Incidentally, you hear Cinderella throughout the first movement of this sonata. Google tells me that Prokofiev was working on that ballet at about the same time.

Wang was dreamy in the first movement, but the second movement is actually marked that way: Andante sognando (a dreaming andante). From Wang, the music was a song, inward. In the last movement, Vivace, I would have liked more of a madcap joy. The playing was a little plain for me. But, in the final pages, Wang was utterly committed, and passionate, and she deserved the roars that followed.

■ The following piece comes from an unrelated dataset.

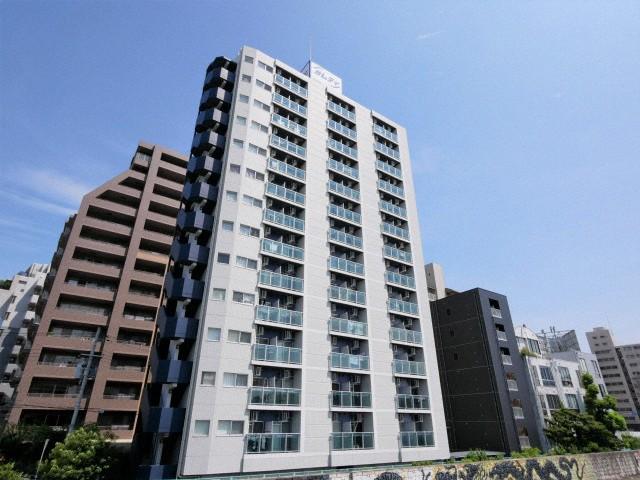 サムティ西長堀リバーフロント
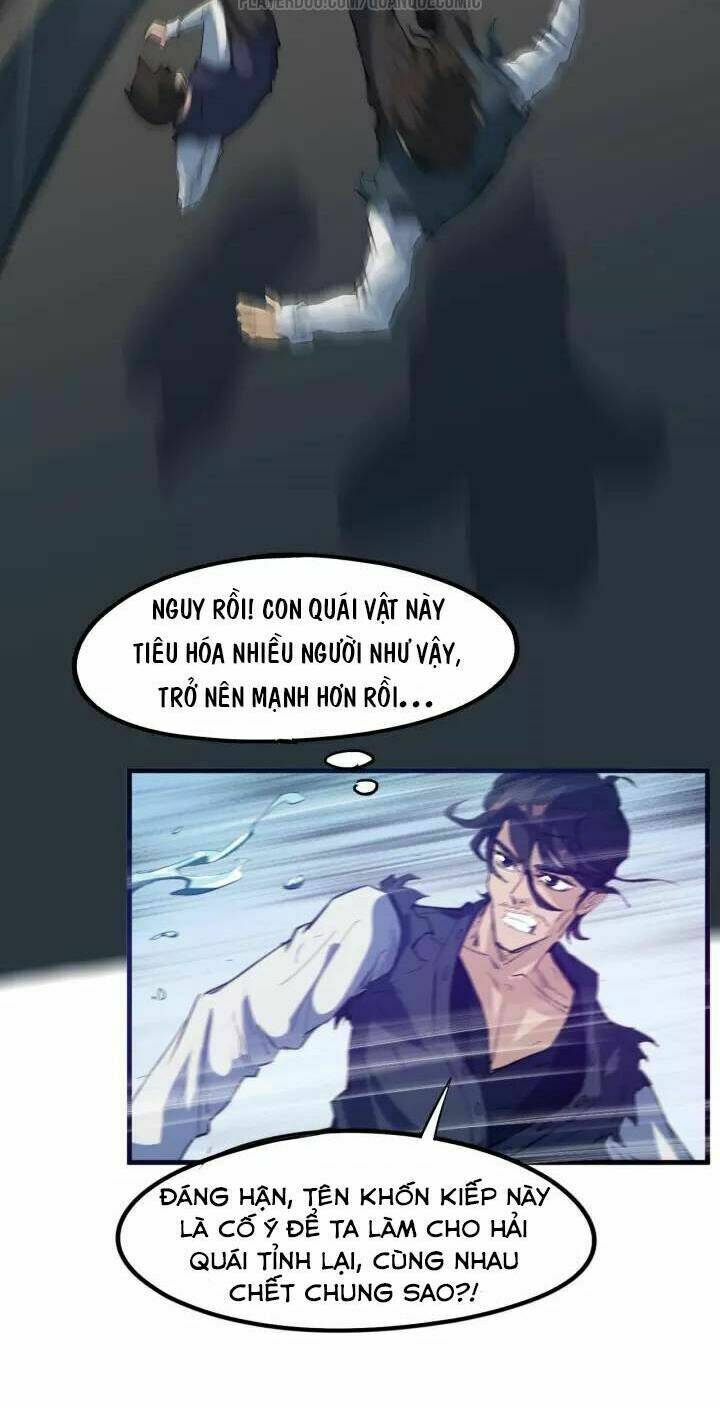 long mạch võ thần chapter 61 28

Then came the “second concert,” to borrow an old phrase: a slew of encores. Wang played her usual. Outstanding was the Horowitz Carmen Variations. It had more flair and accuracy than ever, and Wang knew it: she broke into a big smile afterward (not necessarily characteristic). “Tea for Two,” in the Art Tatum version, was never better. It really swung, from this Chinese woman. No one can tell me that music isn’t universal (or that the essentials of man aren’t).

The Precipitato from Prokofiev’s Sonata No. 7 was crazy-fast, far too fast—and yet undeniably exciting. With Mozart’s Rondo alla turca, Wang does something interesting: she combines the Fazil Say arrangement (jazzy) with the Arcadi Volodos arrangement (magisterial). Last night, she absolutely slew it.

She ended the evening with Liszt’s transcription of Schubert’s “Gretchen” (at her spinning wheel), and I thought of a phrase from Gypsy: “Sing out, Louise!” Louise was too reticent. But what a pianist, what a phenomenon, Yuja Wang is. We are lucky she came along.